> _What the exercise asks_:
Transcribe nothing except the lines below that run from the one with "உலகம் அணு ஆயுதப்" to the one with "Used Particulate filter", ends included, and do not copy any picture.

> _Data shown_:
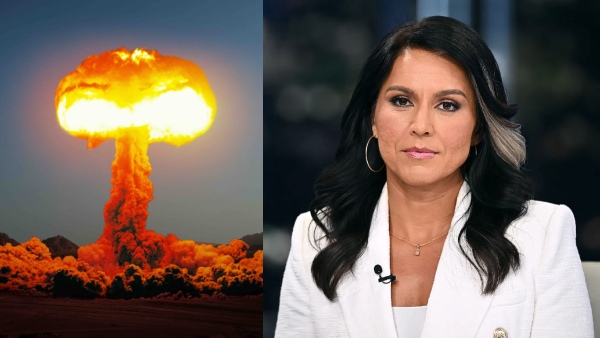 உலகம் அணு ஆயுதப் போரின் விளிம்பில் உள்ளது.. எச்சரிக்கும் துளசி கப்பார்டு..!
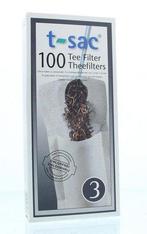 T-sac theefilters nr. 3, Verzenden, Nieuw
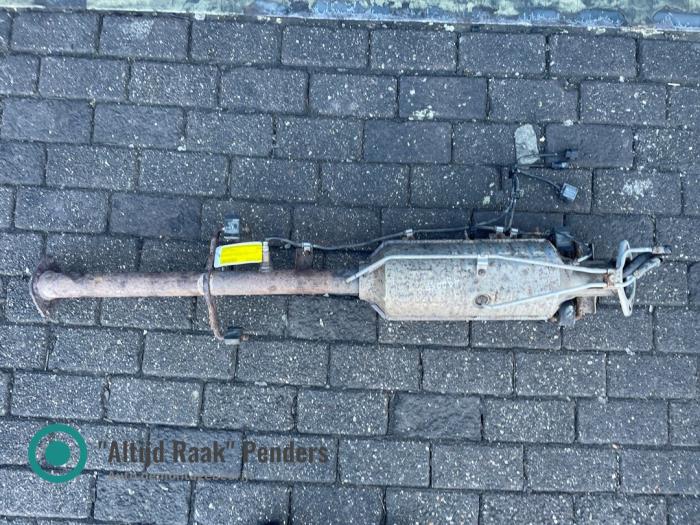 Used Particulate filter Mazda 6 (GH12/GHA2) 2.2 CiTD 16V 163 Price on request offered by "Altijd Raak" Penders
==
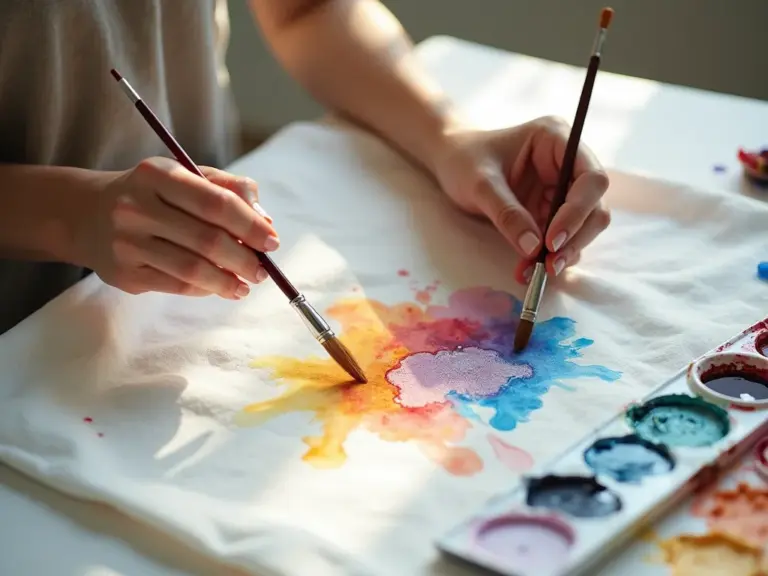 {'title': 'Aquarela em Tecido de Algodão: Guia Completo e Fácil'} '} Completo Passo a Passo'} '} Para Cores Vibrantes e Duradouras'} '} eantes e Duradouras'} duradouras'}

> _Result of the exercise_:
 உலகம் அணு ஆயுதப் போரின் விளிம்பில் உள்ளது.. எச்சரிக்கும் துளசி கப்பார்டு..!
 T-sac theefilters nr. 3, Verzenden, Nieuw
 Used Particulate filter Mazda 6 (GH12/GHA2) 2.2 CiTD 16V 163 Price on request offered by "Altijd Raak" Penders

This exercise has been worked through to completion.